If I were going to chase I would stay in southern Kansas between Dodge City and Wichita.

Monday and Tuesday-The severe weather threat on these days will primarily be large hail and damaging winds and will be across the high plains and closer to home. Directional wind shear is really not all that impressive. A few isolated thunderstorms will be possible late Monday afternoon/evening. Shear is fairly unidirectional, except in the Dakotas where there is a little bit more of an easterly component to the surface winds. Dewpoints will be in the mid 40s and 50s from eastern Colorado through the Nebraska Panhandle. Southerly winds will aid in advecting moisture from the southern plains. A few storms will fire but shear is not favorable for tornadic supercells

Tri-State region

Across my viewing area, severe weather threat will be limited on Monday due to a dry lower atmosphere. Expect a few thunderstorms to fire in the afternoon and evening, but with a dry lower atmosphere and LCL's over 2500 m above the surface, the only threat from theses storms will be gusty winds from evaporating rainfall and downbursts.

Moisture advection will increase Monday night with a 5-15 mph southeasterly wind across the Panhandle and SE Wyoming. A cold front will move through the region on Tuesday which will be the lifting mechanism. Wind shear ahead of and along the cold front will be mainly unidirectional which would take out any threat of tornadoes. With that said large hail and damaging winds will be possible. CAPE values are really not all that impressive, but for the high plains the values are large enough for a few storms. Another issue will be the potential for heavy rainfall with precipitable water values approaching 0.8" The greatest tornado threat will occur over the Dakotas where there is a more easterly component to the surface winds, but with that said the shear is still not all that impressive.

Friday, April 9, 2010

First Severe Weather Event of 2010??????

Forecast as of 4/9/2010

Mild spring weather looks to continue through the weekend for the Tri-State area. With the exception of a few isolated thunderstorms on Saturday and possibly Sunday, things are looking pretty good.

Models show the possibility of a few isolated thunderstorms firing on the Laramie range Saturday afternoon. CAPE and Lifted Indecies suggest a few isolated storms will be possible. There is a strong cap in place over locations east of I-25, so won't expect any shower activity east of I-25. Decided to throw in a slight chance of an Isolated thunderstorm for southeast Wyoming and Northern Colrado for the slight chance that a thunderstorm will reach I-25 and will effect Cheyenne and/or Fort Collins.

Severe Weather Forecast For Monday-Tuesday

Timing of the Fropa has change over the past couple model runs and has held off the front until Tuesday. The severe weather threat looks to be the greatest on Tuesday across the region along the cold front.

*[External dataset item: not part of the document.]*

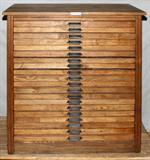 Lot# 60 HAMILTON MFG. CO. OAK TWENTY DRAWER PRINTER'S CABINET, H 43", L 39", D 21", Printer's cabinet, manufactured by Hamilton Mfg. Co., Two Rivers, WI. Each drawer has an iron pull marked "Hamilton" and includes antique printer's blocks.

GFS is a little wacky and still is a little too fast with this system, so I will trust the Euro and wait for the NAM's output. As of the 18z model runs, the GFS is a little faster and less amplified than the Euro. The GFS practically moves any chance of severe weather over central Nebraska. Also, 18z GFS shows a lee cyclone setting up over northeastern Colorado which could help turn winds easterly across northern Kansas and Central Nebraska increasing the chance of tornadoes across those regions, on the other hand, the bulk shear lies over southeast Wyoming and the Panhandle of Nebraska.

Euro looks the most promising for a potential severe weather event across Southeast Wyoming and the Nebraska Panhandle. Trough is a little more amplified compared to the GFS and is a little slower. Lack details from the Euro, so will wait until tomorrow's NAM to get it's details as it appear the NAM and Euro are showing similar results through Monday. Forecast updates will be done through the weekend.